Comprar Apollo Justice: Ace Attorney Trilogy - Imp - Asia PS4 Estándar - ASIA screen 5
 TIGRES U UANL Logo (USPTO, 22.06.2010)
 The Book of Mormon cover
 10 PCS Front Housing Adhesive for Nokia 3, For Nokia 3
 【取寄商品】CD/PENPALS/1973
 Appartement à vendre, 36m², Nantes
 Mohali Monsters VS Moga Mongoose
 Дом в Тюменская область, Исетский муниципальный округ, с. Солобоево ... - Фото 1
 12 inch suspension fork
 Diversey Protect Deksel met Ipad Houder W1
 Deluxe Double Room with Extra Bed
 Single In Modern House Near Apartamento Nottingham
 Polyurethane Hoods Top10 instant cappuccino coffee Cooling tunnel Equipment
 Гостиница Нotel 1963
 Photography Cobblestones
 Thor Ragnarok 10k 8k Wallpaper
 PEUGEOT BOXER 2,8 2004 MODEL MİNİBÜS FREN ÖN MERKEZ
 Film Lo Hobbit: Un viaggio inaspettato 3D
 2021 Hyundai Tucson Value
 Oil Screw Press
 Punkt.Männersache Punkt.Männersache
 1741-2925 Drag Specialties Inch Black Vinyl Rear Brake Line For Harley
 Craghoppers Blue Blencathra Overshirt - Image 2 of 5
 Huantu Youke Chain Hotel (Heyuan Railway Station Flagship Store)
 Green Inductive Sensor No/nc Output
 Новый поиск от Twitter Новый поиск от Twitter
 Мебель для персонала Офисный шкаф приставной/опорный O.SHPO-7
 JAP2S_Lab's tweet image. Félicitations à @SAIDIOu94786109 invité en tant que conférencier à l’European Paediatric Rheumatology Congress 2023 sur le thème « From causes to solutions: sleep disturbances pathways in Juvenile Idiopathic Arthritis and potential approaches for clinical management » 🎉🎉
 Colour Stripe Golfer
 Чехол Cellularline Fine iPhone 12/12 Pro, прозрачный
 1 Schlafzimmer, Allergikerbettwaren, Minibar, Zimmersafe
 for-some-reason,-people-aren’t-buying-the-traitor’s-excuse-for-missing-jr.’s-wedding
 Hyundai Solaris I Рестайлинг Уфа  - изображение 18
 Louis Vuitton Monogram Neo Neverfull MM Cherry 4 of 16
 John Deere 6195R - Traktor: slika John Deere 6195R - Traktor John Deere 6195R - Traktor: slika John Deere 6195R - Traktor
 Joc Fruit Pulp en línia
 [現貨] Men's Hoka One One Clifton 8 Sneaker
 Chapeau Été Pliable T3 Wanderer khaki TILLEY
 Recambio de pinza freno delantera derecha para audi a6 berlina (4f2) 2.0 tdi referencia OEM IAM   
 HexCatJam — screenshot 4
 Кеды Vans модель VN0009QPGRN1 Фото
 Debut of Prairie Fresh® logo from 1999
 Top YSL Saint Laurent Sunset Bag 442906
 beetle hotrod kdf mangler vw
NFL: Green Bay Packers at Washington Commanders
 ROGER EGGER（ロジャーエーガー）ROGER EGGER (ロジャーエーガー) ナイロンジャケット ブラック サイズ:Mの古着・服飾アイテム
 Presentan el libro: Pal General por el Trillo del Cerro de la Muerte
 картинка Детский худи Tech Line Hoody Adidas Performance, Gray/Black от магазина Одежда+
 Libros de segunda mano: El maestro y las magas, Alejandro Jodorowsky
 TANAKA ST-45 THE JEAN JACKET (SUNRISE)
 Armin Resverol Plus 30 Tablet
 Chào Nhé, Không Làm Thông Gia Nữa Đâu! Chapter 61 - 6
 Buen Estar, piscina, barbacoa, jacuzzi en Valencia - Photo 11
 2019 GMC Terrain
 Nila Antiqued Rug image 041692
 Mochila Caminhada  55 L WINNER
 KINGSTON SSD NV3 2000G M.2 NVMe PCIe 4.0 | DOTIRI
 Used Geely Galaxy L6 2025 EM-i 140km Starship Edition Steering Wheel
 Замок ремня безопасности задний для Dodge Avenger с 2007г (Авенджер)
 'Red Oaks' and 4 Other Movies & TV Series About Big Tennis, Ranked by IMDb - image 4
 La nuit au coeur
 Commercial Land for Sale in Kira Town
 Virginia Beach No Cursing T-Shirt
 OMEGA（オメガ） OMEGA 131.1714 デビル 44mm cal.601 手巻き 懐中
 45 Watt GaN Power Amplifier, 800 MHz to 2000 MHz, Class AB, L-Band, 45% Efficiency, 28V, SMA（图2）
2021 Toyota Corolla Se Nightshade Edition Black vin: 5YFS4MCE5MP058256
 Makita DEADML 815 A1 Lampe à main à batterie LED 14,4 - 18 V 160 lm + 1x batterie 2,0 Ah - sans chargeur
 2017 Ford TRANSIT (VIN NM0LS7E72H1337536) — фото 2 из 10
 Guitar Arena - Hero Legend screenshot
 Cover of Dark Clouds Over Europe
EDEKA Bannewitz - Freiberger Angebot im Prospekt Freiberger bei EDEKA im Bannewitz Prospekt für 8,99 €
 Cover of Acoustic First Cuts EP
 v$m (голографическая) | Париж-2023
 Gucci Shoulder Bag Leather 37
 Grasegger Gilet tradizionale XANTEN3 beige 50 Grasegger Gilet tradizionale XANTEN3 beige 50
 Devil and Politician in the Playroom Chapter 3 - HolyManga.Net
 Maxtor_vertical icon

=-=-=-=-=

What you return should be exactly the lines above, starting at the one with "12 inch suspension fork" and ending at the one with "NFL: Green Bay", and nothing else.

= Response area =
 12 inch suspension fork
 Diversey Protect Deksel met Ipad Houder W1
 Deluxe Double Room with Extra Bed
 Single In Modern House Near Apartamento Nottingham
 Polyurethane Hoods Top10 instant cappuccino coffee Cooling tunnel Equipment
 Гостиница Нotel 1963
 Photography Cobblestones
 Thor Ragnarok 10k 8k Wallpaper
 PEUGEOT BOXER 2,8 2004 MODEL MİNİBÜS FREN ÖN MERKEZ
 Film Lo Hobbit: Un viaggio inaspettato 3D
 2021 Hyundai Tucson Value
 Oil Screw Press
 Punkt.Männersache Punkt.Männersache
 1741-2925 Drag Specialties Inch Black Vinyl Rear Brake Line For Harley
 Craghoppers Blue Blencathra Overshirt - Image 2 of 5
 Huantu Youke Chain Hotel (Heyuan Railway Station Flagship Store)
 Green Inductive Sensor No/nc Output
 Новый поиск от Twitter Новый поиск от Twitter
 Мебель для персонала Офисный шкаф приставной/опорный O.SHPO-7
 JAP2S_Lab's tweet image. Félicitations à @SAIDIOu94786109 invité en tant que conférencier à l’European Paediatric Rheumatology Congress 2023 sur le thème « From causes to solutions: sleep disturbances pathways in Juvenile Idiopathic Arthritis and potential approaches for clinical management » 🎉🎉
 Colour Stripe Golfer
 Чехол Cellularline Fine iPhone 12/12 Pro, прозрачный
 1 Schlafzimmer, Allergikerbettwaren, Minibar, Zimmersafe
 for-some-reason,-people-aren’t-buying-the-traitor’s-excuse-for-missing-jr.’s-wedding
 Hyundai Solaris I Рестайлинг Уфа  - изображение 18
 Louis Vuitton Monogram Neo Neverfull MM Cherry 4 of 16
 John Deere 6195R - Traktor: slika John Deere 6195R - Traktor John Deere 6195R - Traktor: slika John Deere 6195R - Traktor
 Joc Fruit Pulp en línia
 [現貨] Men's Hoka One One Clifton 8 Sneaker
 Chapeau Été Pliable T3 Wanderer khaki TILLEY
 Recambio de pinza freno delantera derecha para audi a6 berlina (4f2) 2.0 tdi referencia OEM IAM   
 HexCatJam — screenshot 4
 Кеды Vans модель VN0009QPGRN1 Фото
 Debut of Prairie Fresh® logo from 1999
 Top YSL Saint Laurent Sunset Bag 442906
 beetle hotrod kdf mangler vw
NFL: Green Bay Packers at Washington Commanders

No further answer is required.